Now the really interesting thing about this disgusting affair is that the Advanced Interest was even more than the original interest paid immediately the loan agreement was made, more than 250 dollars more, despite the fact that MTF had “paid off” $15,000 in the first year. This, Dear Reader, is Usury of the very worst kind, and the government should stamp it out! How can any decent couple get out from under such a burden of debt? But of course,I forgot, the particular institution in question is government-owned, in part at least! So much for taking care of the people! How naïve of me! If the lending institution is owned by the government, what incentive do our leaders have to stamp out this usury? None, of course.

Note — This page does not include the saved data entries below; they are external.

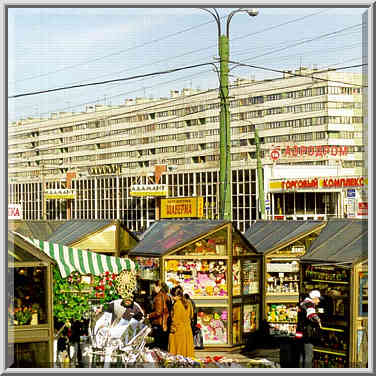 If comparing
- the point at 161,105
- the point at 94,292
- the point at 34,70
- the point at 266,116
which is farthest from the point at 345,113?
the point at 34,70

But it gets much worse: During 2003, my two friends “paid off” an additional $19,720, but by January 2004, the debt remained at $122,219.11. Let me repeat that: despite paying this particular mortgage and finance company a total of $34,720 in two years, they still owed 2,219 dollars and 11 cents more than they had originally borrowed.

But it gets much, much worse: in 2004 MTF “paid off” a further $15,020 but in January 2005 the debt was still at $119,300.74. After three years of mostly regular payments amounting to $49,740, their debt had been reduced by a mere $699.26. In January 2006, after additional payments of $10,500 MTF’s debt remained at 121,062 dollars and 53 cents, even though they had, by this time, already “paid back” $60,240 in all.

After 10 years MTF had paid this particular mortgage and finance company a total of $125,000 yet they still owed $150,000, which is $30,000 more than they originally borrowed.

Now wouldn’t it be interesting, Dear Reader, to find out what sort of perks those “holier than thou” bank employees – you know, the ones who berate you for getting behind with your payments – enjoy when they borrow money or use the services of their banking institutions? In some countries, all these perks would be classed as income and thus liable to taxation, which raises an interesting question … Maybe it’s payback time.